◆ **EXERCISE BRIEF**: Nothing but the lines below from the one holding "HOA VĂN CỔNG" up to and including the one holding "LEGO Star Wars" should be copied, exactly and without pictures.

**** MATERIAL SHOWN ****

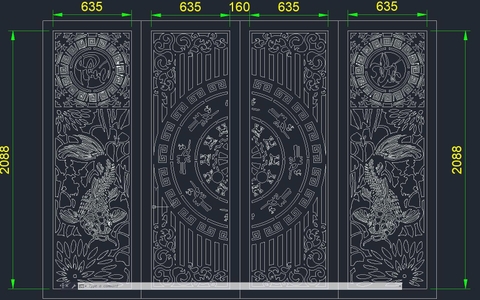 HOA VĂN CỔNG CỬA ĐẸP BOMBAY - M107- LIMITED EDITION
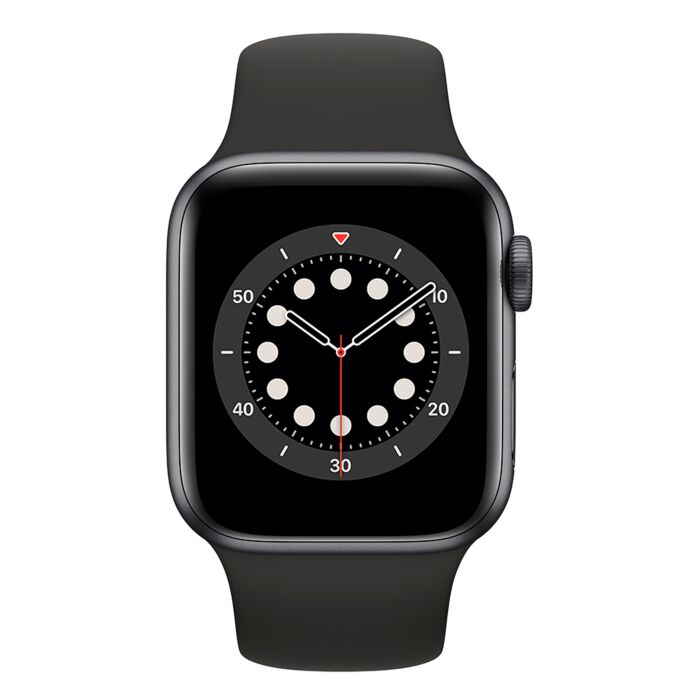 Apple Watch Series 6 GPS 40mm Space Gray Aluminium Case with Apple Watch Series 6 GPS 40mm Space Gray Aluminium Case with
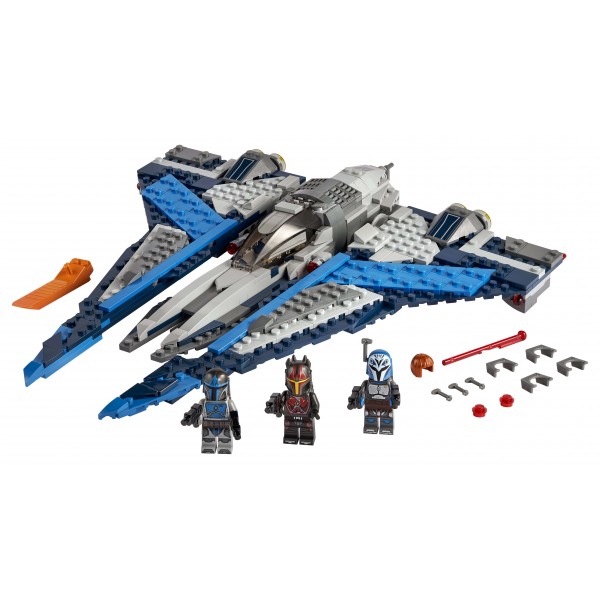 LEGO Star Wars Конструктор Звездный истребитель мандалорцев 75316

****
**** MATERIAL SHOWN ****

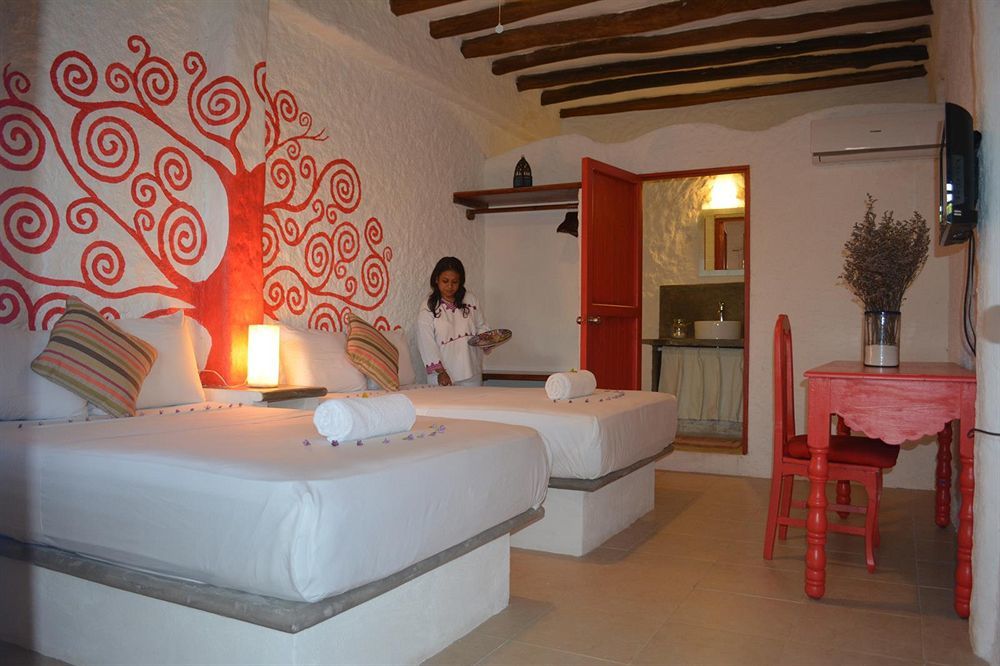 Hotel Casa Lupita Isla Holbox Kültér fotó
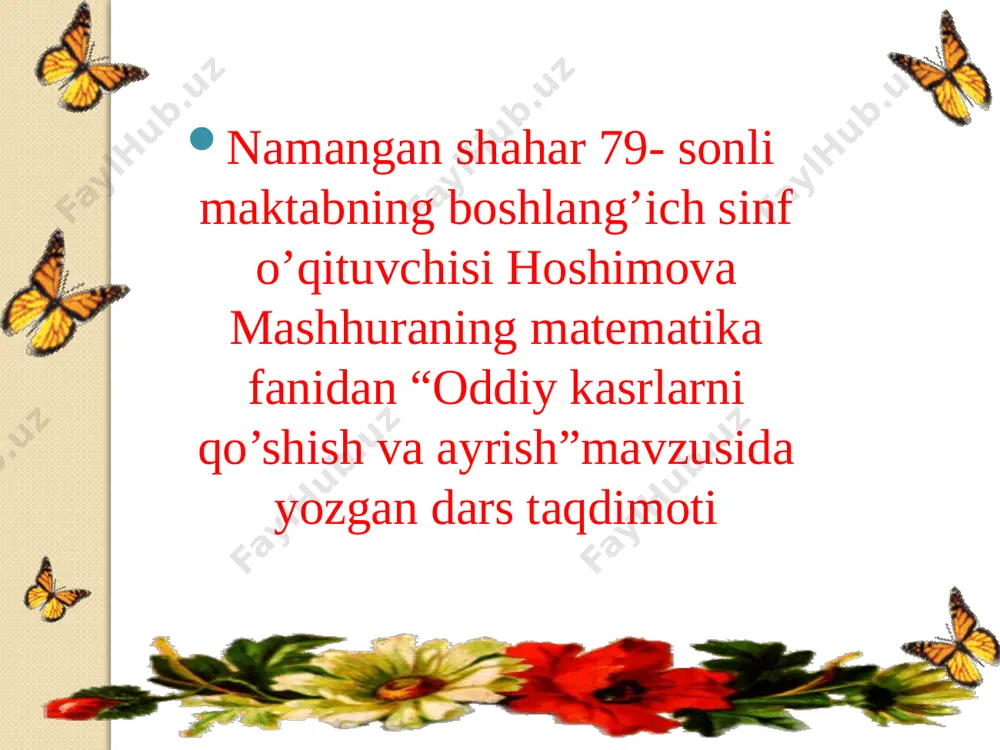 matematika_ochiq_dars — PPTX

****
**** MATERIAL SHOWN ****

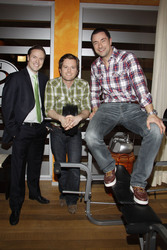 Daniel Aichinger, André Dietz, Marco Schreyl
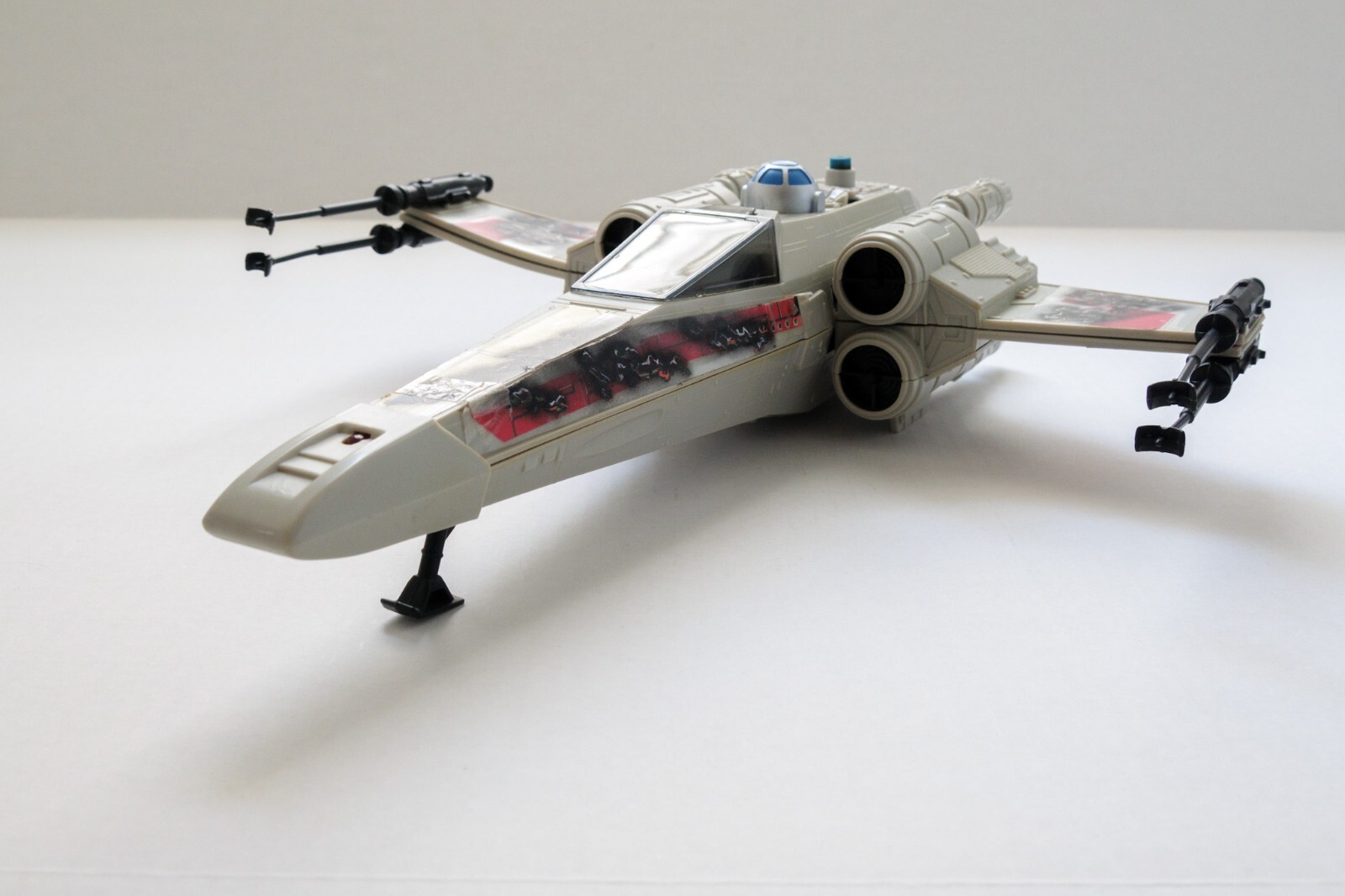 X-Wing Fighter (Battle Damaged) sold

****

◆ **SOLUTION FOR THIS TASK**:
 HOA VĂN CỔNG CỬA ĐẸP BOMBAY - M107- LIMITED EDITION
 Apple Watch Series 6 GPS 40mm Space Gray Aluminium Case with Apple Watch Series 6 GPS 40mm Space Gray Aluminium Case with
 LEGO Star Wars Конструктор Звездный истребитель мандалорцев 75316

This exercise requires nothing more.